Problem requirements
Your answer must be the line containing "Achievers Dream Primary" and each following line to the end of the listing below, copied exactly, with pictures removed and nothing added.

______________________________

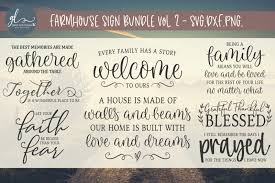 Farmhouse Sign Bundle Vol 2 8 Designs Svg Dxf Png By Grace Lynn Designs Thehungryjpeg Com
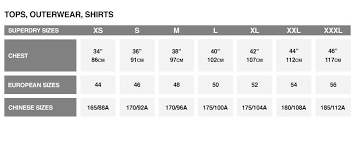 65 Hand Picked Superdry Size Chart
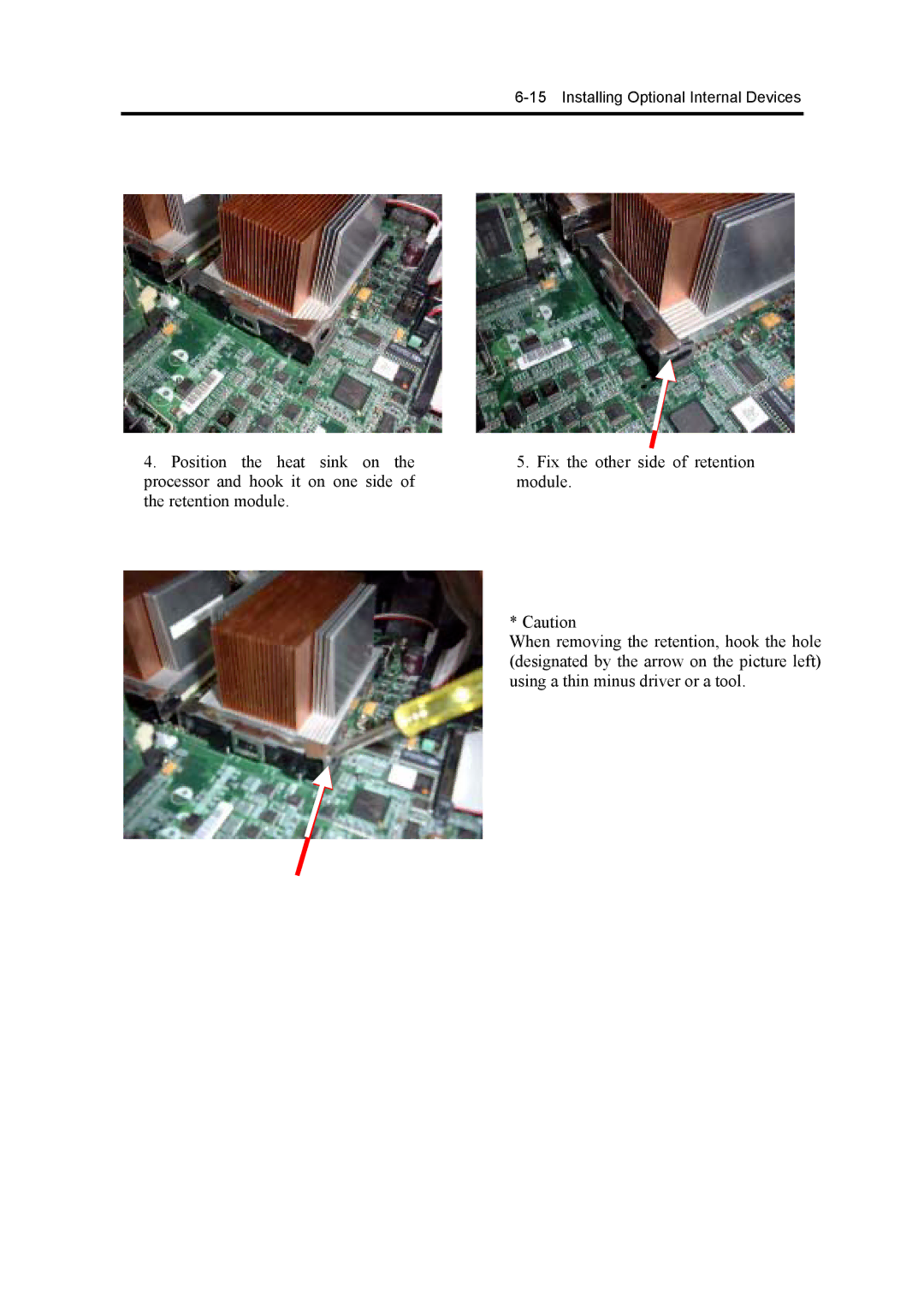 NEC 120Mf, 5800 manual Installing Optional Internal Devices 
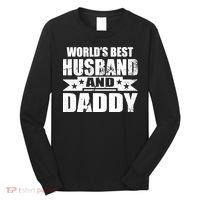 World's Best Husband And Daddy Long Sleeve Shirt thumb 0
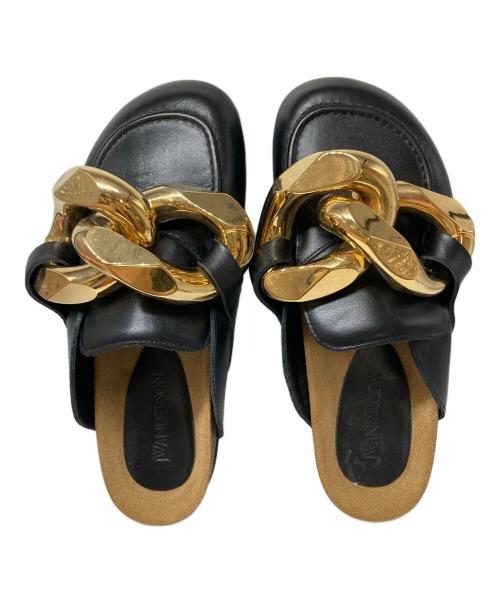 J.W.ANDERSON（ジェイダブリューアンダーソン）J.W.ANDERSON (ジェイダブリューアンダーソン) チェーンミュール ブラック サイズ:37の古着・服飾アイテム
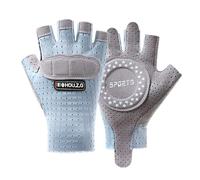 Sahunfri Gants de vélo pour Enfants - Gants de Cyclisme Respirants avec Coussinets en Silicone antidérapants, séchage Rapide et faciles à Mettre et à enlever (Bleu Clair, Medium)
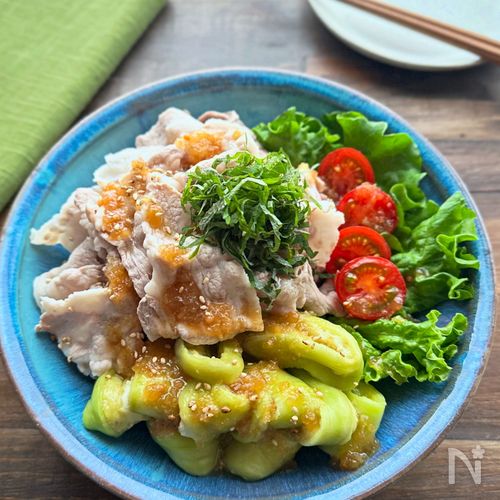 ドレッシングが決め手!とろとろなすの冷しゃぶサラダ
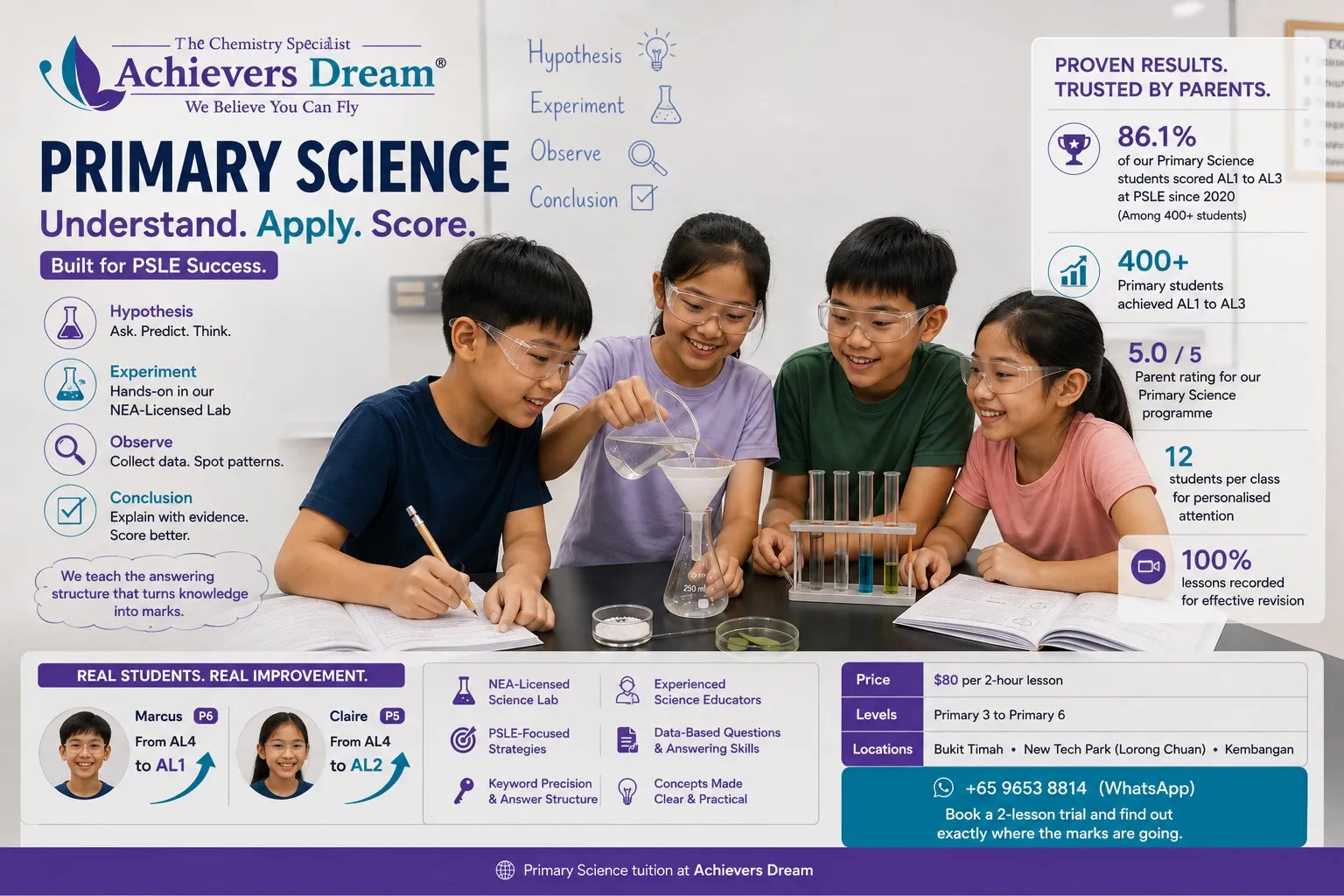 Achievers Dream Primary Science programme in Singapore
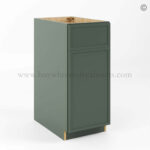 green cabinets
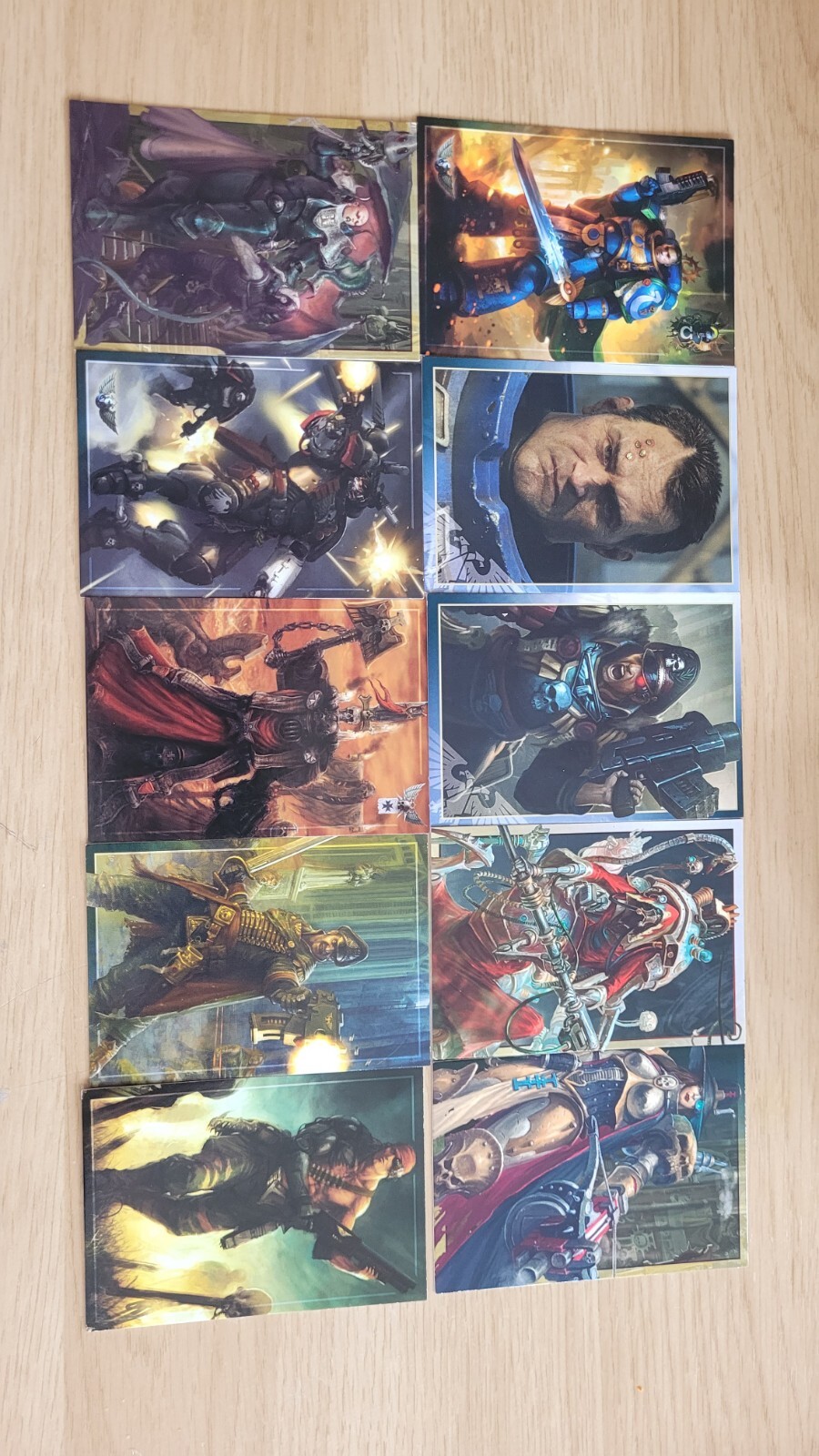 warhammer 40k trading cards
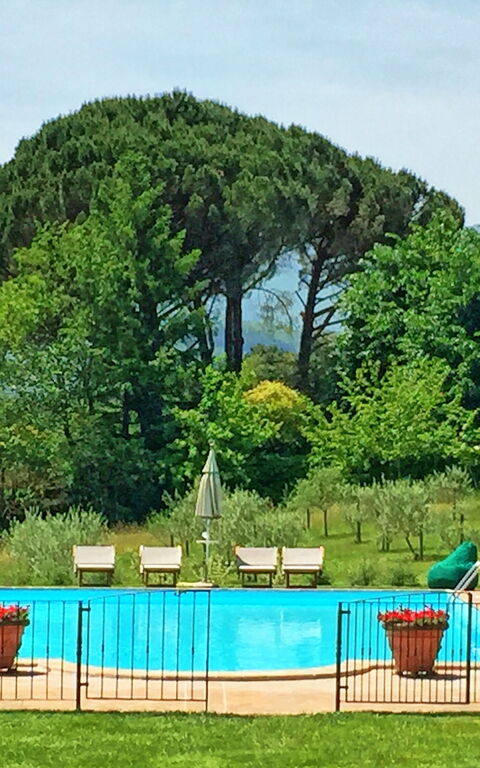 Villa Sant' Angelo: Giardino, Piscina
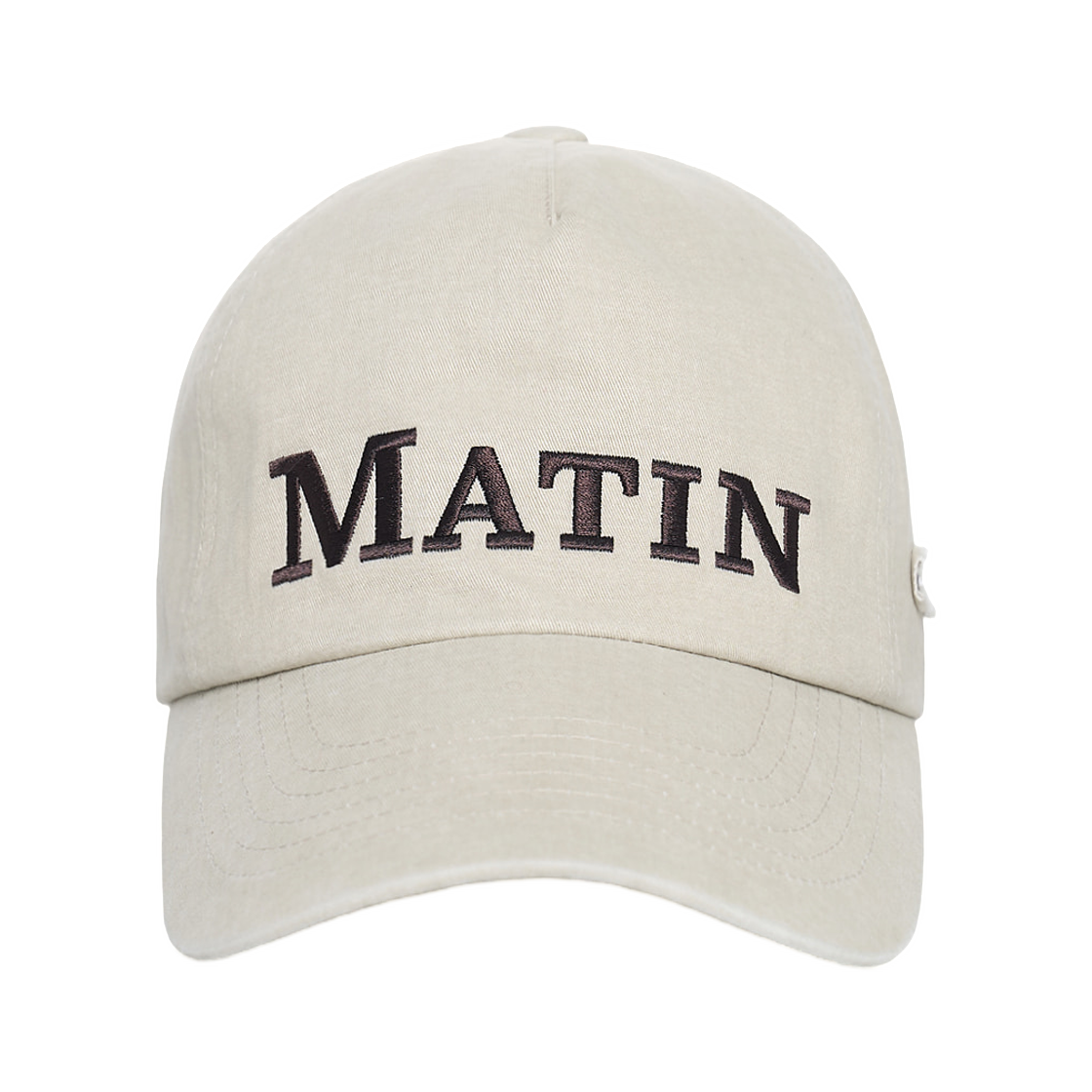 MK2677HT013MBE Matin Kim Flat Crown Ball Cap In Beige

______________________________

Exercise answer
 Achievers Dream Primary Science programme in Singapore
 green cabinets
 warhammer 40k trading cards
 Villa Sant' Angelo: Giardino, Piscina
 MK2677HT013MBE Matin Kim Flat Crown Ball Cap In Beige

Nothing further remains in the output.